## TASK TO CARRY OUT:
Please copy exactly the line containing "Коляска для кукол (тк - 2025)" and every line after it, through the last line of the records below, leaving out all pictures.

══ DATASET ENTRIES ══

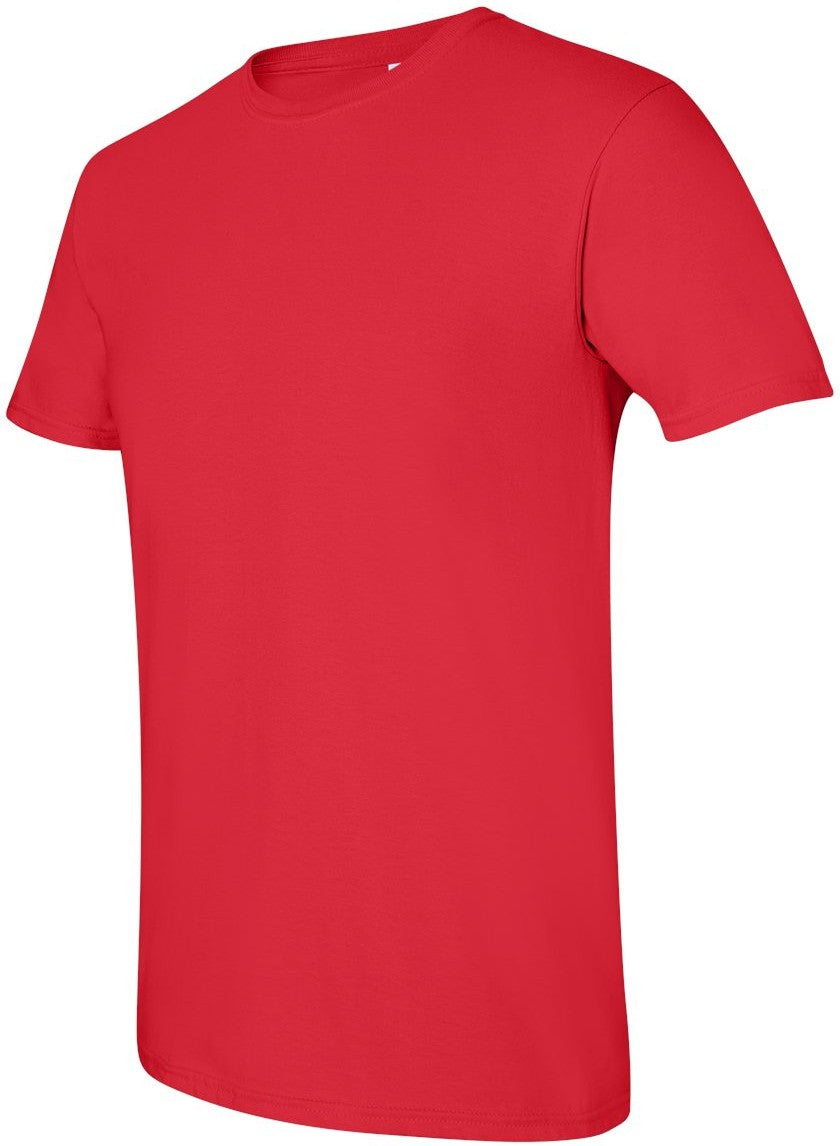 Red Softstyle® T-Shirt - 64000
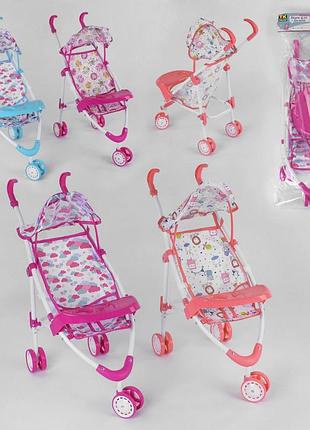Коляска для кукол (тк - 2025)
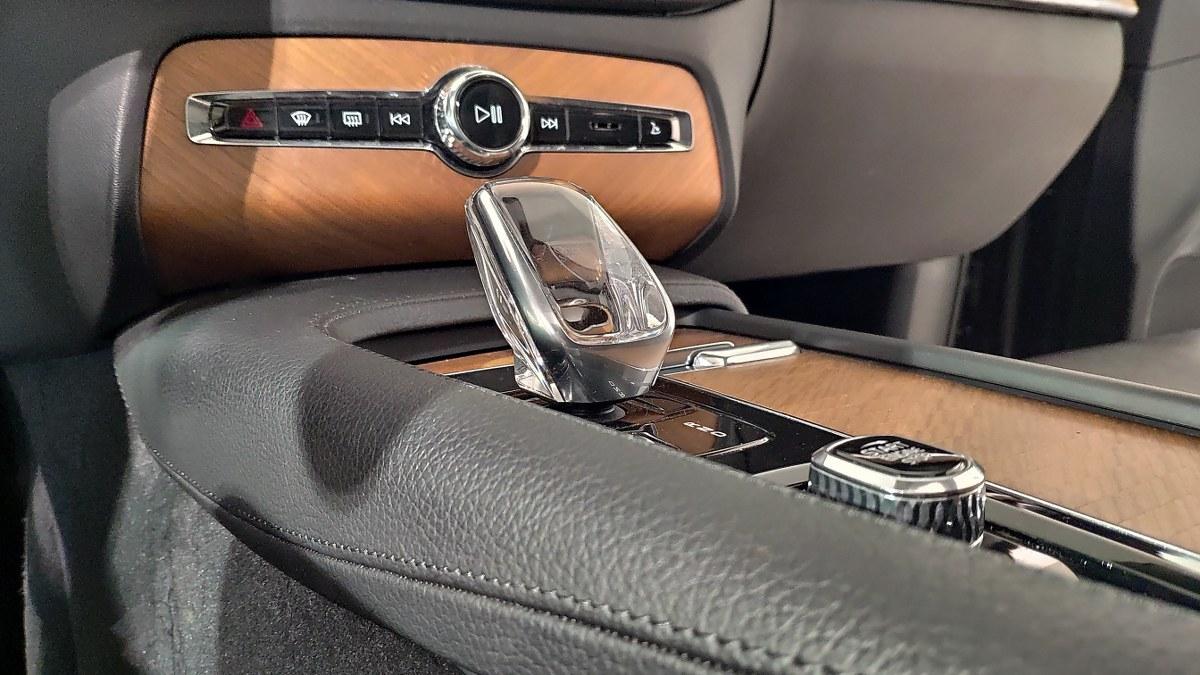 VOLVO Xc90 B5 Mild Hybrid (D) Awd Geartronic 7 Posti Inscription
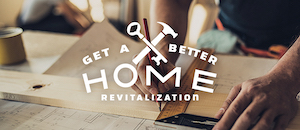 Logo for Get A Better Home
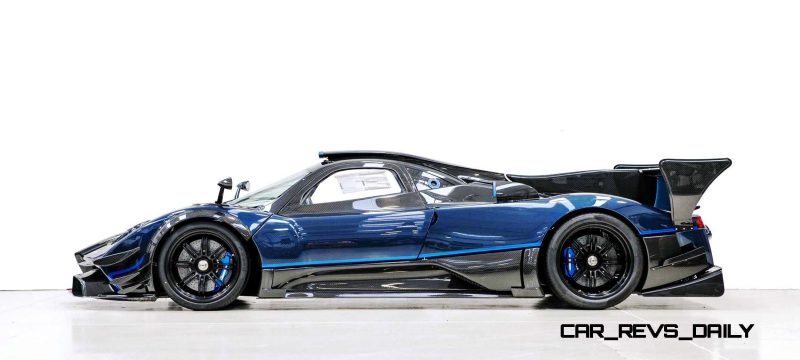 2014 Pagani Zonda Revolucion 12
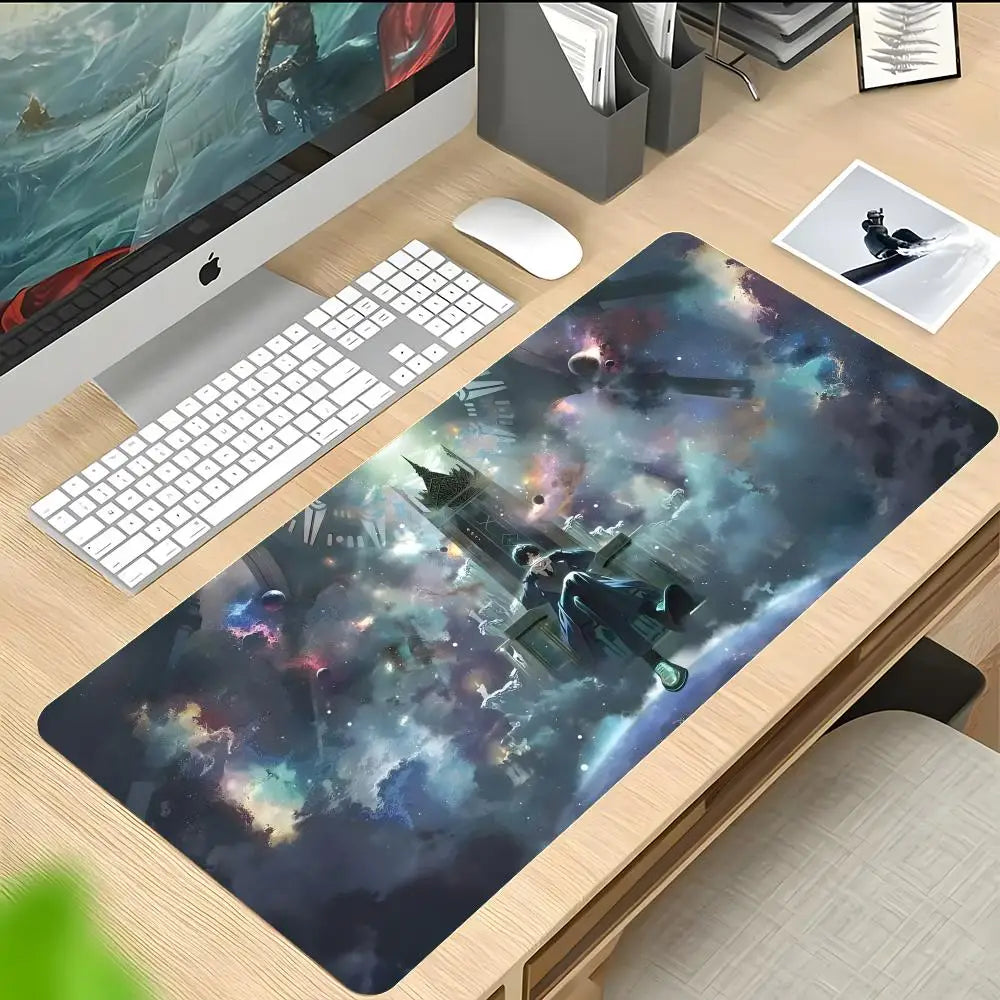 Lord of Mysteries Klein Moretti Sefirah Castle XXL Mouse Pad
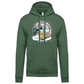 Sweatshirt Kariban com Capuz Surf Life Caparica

═══

## ANSWER TO THE PROBLEM:
Коляска для кукол (тк - 2025)
 VOLVO Xc90 B5 Mild Hybrid (D) Awd Geartronic 7 Posti Inscription
 Logo for Get A Better Home
 2014 Pagani Zonda Revolucion 12
 Lord of Mysteries Klein Moretti Sefirah Castle XXL Mouse Pad
 Sweatshirt Kariban com Capuz Surf Life Caparica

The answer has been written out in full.